## Problem details
Word for word, give the data again without its pictures.
(Supplied data begins)
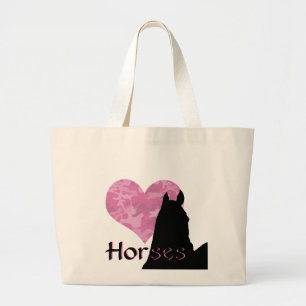 Heart Horse I (pink camo) Large Tote Bag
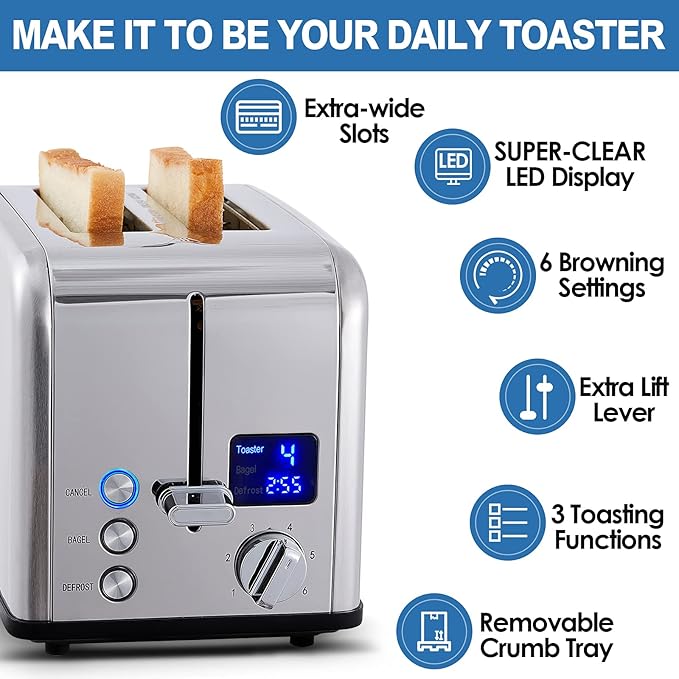 CUSIMAX Stainless Steel 2 Slice Toaster with LED Display Extra-wide Slots 6 Browning Settings Cancel/Bagel/Defrost Removable Crumb Tray Silver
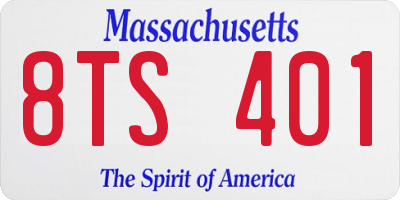 MA license plate 8TS401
(Supplied data ends)
## Task solution
 Heart Horse I (pink camo) Large Tote Bag
 CUSIMAX Stainless Steel 2 Slice Toaster with LED Display Extra-wide Slots 6 Browning Settings Cancel/Bagel/Defrost Removable Crumb Tray Silver
 MA license plate 8TS401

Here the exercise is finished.